Copy out the lines beginning at the one with "INSALT EXGB-TR-B Angler" and ending at the last line of the data, both included; pictures stay out.

Image-caption web data:
____

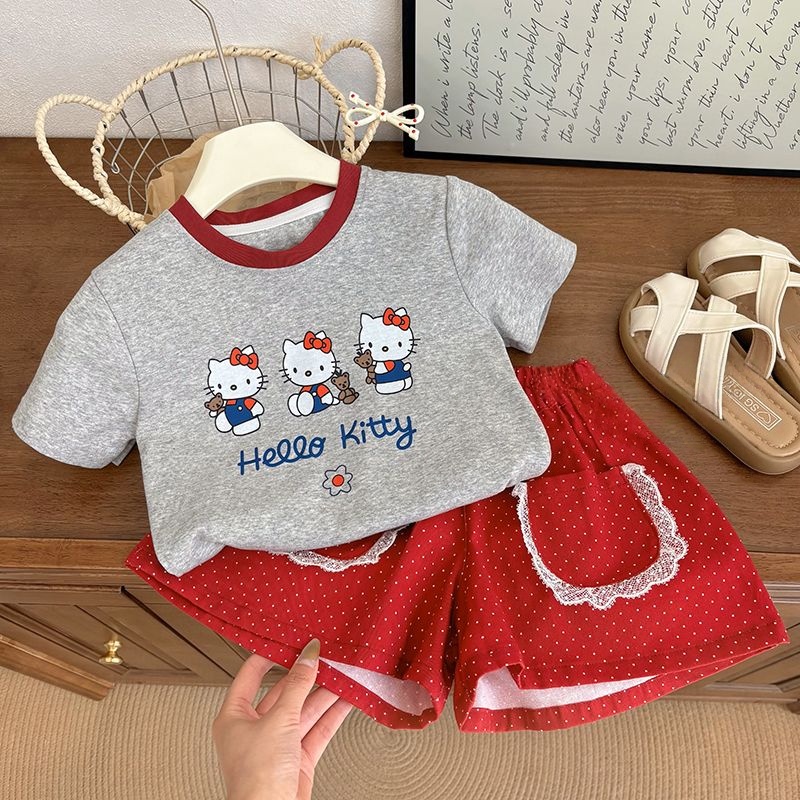 Anime Hello Kitty Girl Summer  - огляд і ціна Baby Clothing Quality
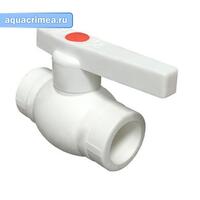 Кран шаровый 25 (40/10) (Valfex) БЕЛЫЙ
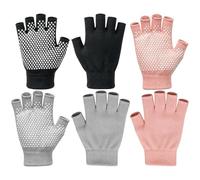 Guantes de yoga 3 Pares de Mitones sin dedos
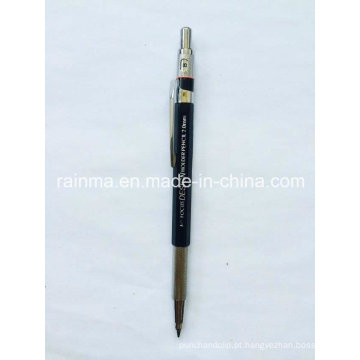 Lápis de propulsão de metal com chumbo de 2,0 mm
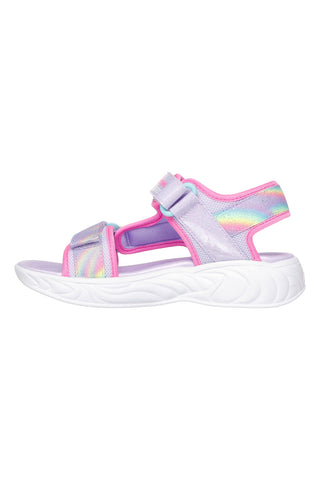 Lila Sandalen mit Lichtern Skechers Dreamy Unicorns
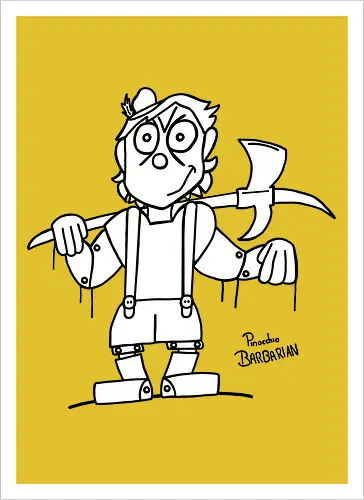 Pinocchio Barbarian
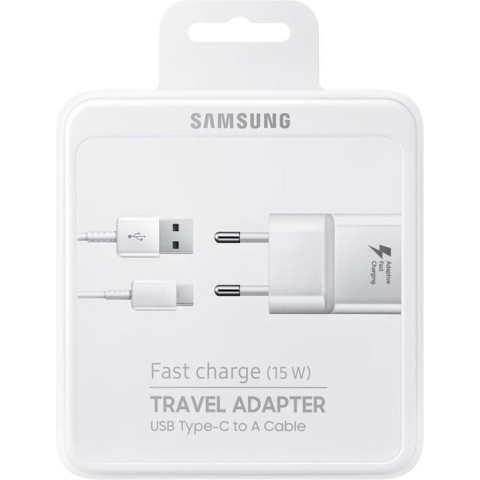 Samsung 15W snellader - incl. 1.2m USB-C kabel - Wit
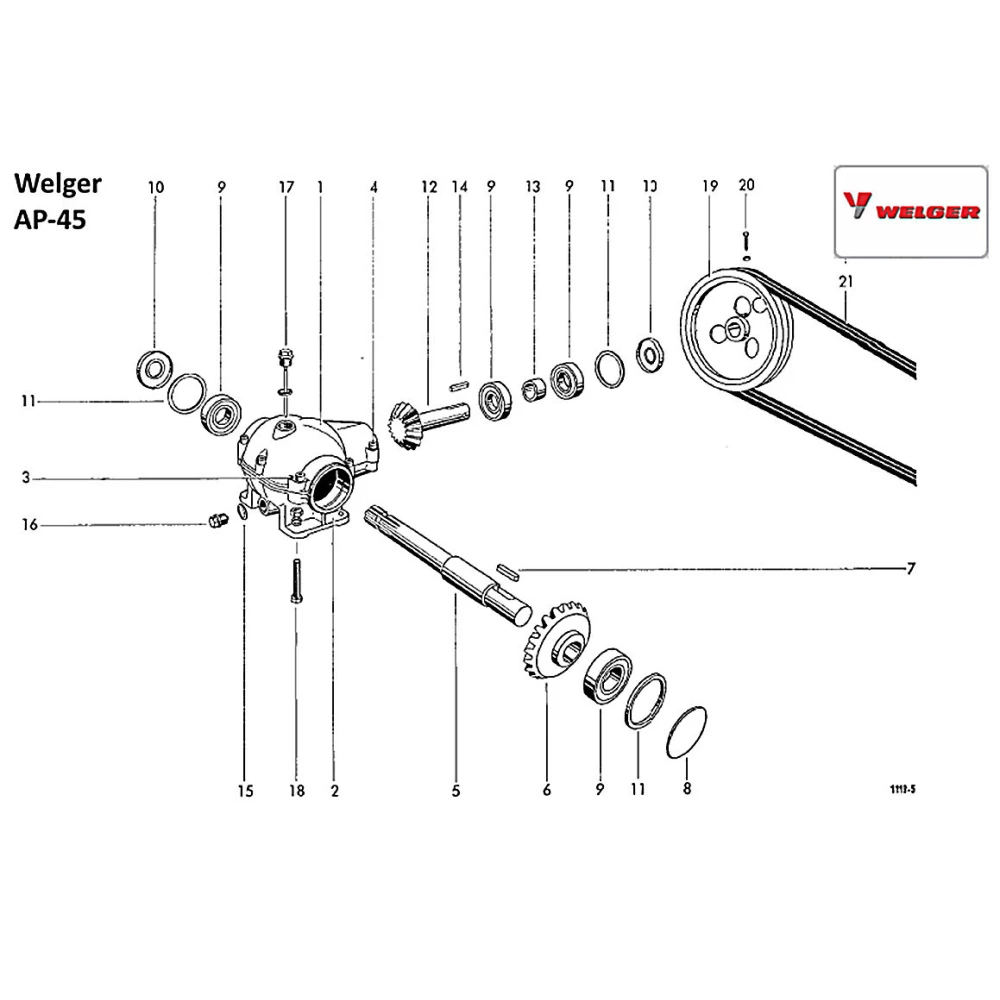 Шестерня коническая редуктора Z-23 Welger AP-45, 0307.53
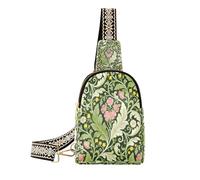 Trendy Pink Carnation Green Leaves William Morris (mot-clé) (prop1) (mot long) pour (scénario)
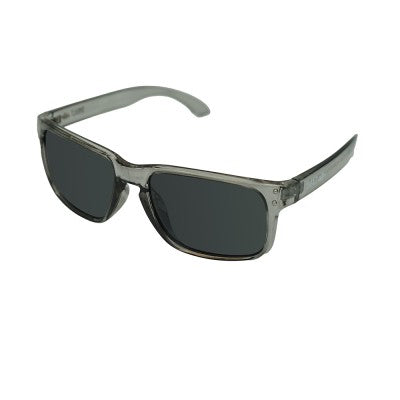 INSALT EXGB-TR-B Angler Pro Excalibur Transparent Grey Polarized Recycled Sunglasses - Black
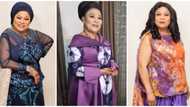African fashion: 10 times Nollywood star Sola Sobowale rocked adire ensembles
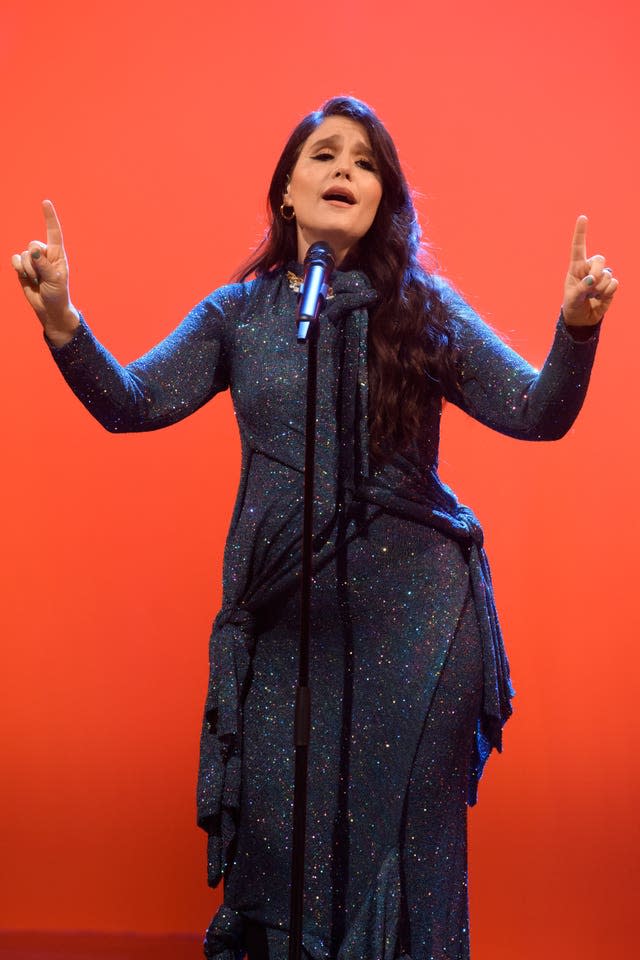 Jessie Ware performs during filming for the Graham Norton Show 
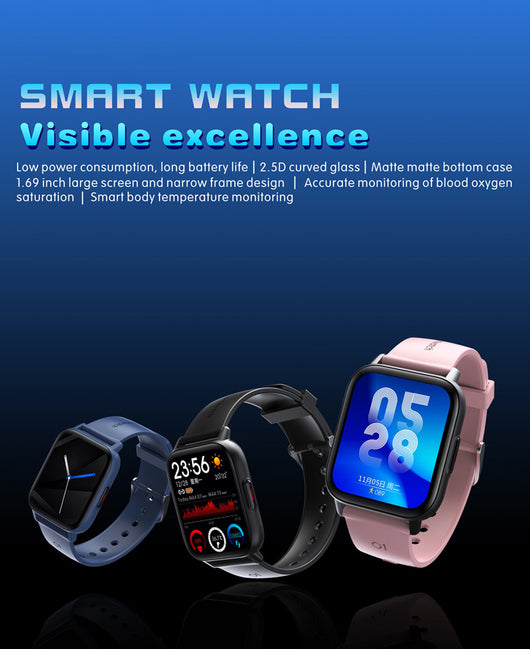 Smartwatch XL Ym12 con Monitoreo Cardíaco y Oxígeno en Sangre - Image 4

____

▶ [Solution below]:
 INSALT EXGB-TR-B Angler Pro Excalibur Transparent Grey Polarized Recycled Sunglasses - Black
African fashion: 10 times Nollywood star Sola Sobowale rocked adire ensembles
 Jessie Ware performs during filming for the Graham Norton Show 
 Smartwatch XL Ym12 con Monitoreo Cardíaco y Oxígeno en Sangre - Image 4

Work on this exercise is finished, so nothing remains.